Aluminum is difficult to pull off a weathering job on unless you had it anodized or powder coated. Painting it and weathing just doesnt look convincing in person. It looks good in pics though.
 

ARKM

Sr Member
Aluminum is difficult to pull off a weathering job on unless you had it anodized or powder coated. Painting it and weathing just doesnt look convincing in person. It looks good in pics though.
I disagree. I have seen (in person) some really good aluminum weathering done with paint. I've done it myself and was very happy with the results. You just have to use the right paints and weathering techniques.

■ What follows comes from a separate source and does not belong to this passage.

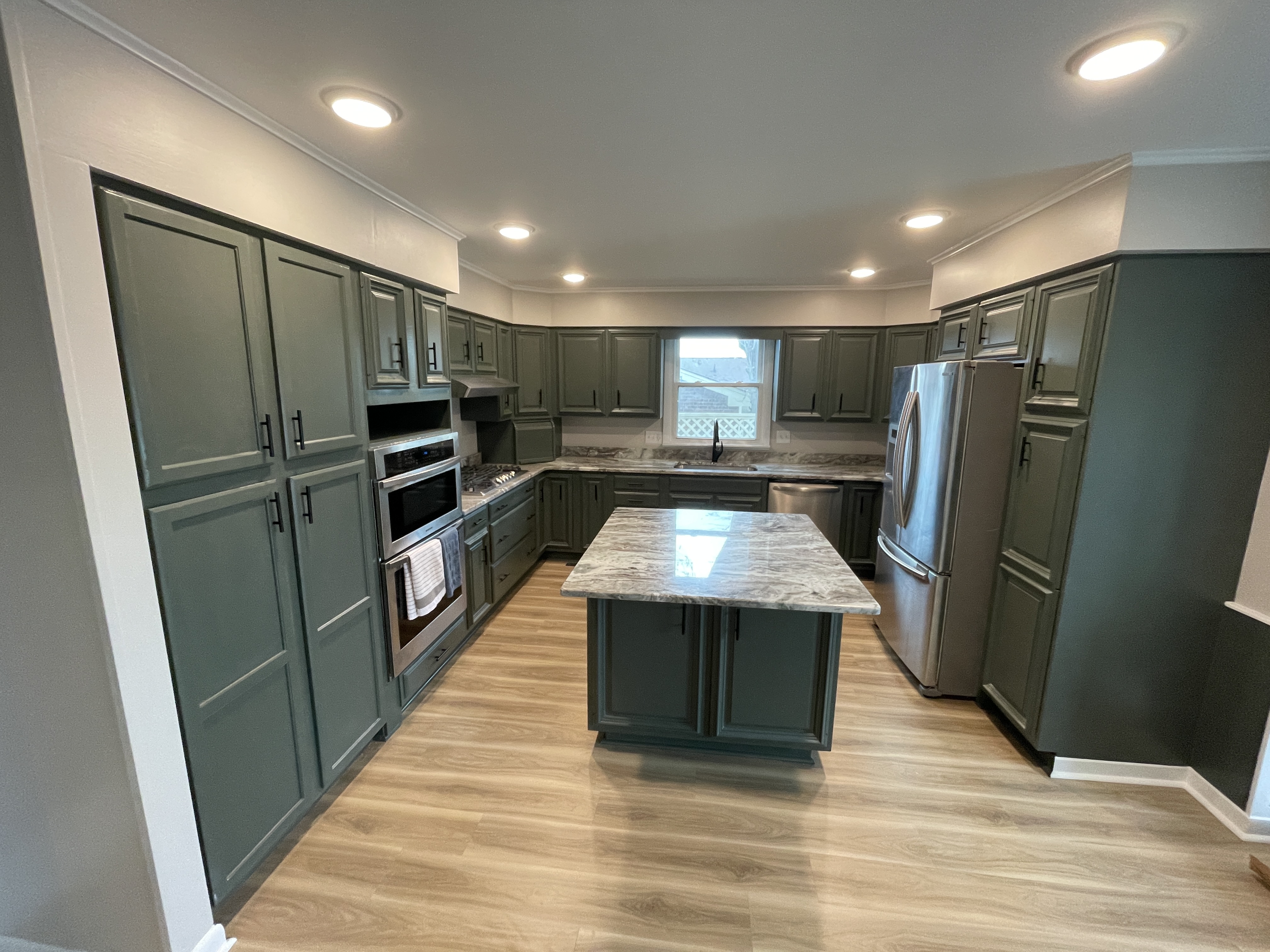 Kitchen Renovation in 1960s split level home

Anywho, painting is an option as is using a product called "Aluminum Black". There are plenty of tutorials on metal weathering on the net as well as in this forum. There are also some lightsaber specific weathering threads that can be found by searching the forums at TCSS, FX-Sabers and Saber Concepts.
 

Sluis Van Shipyards

Master Member
Yeah Aluminum Black works really good. I've got one of Roman Empire's older ANH Obi Wan sabers that was weathered with it and it looks good. That is if you want to make it look dirty like the ANH Obi Wan saber.
 

alessandra

Member
Thanks everyone! When I get all the parts together, I think I'll go ahead and try Birchwood Casey Super Blue, then knock it back down with some ultra-fine grain sandpaper, though I'll have to locate a lathe to keep the sandpaper marks consistent. If that proves too much work or too complicated, I'll try the Aluminium Black.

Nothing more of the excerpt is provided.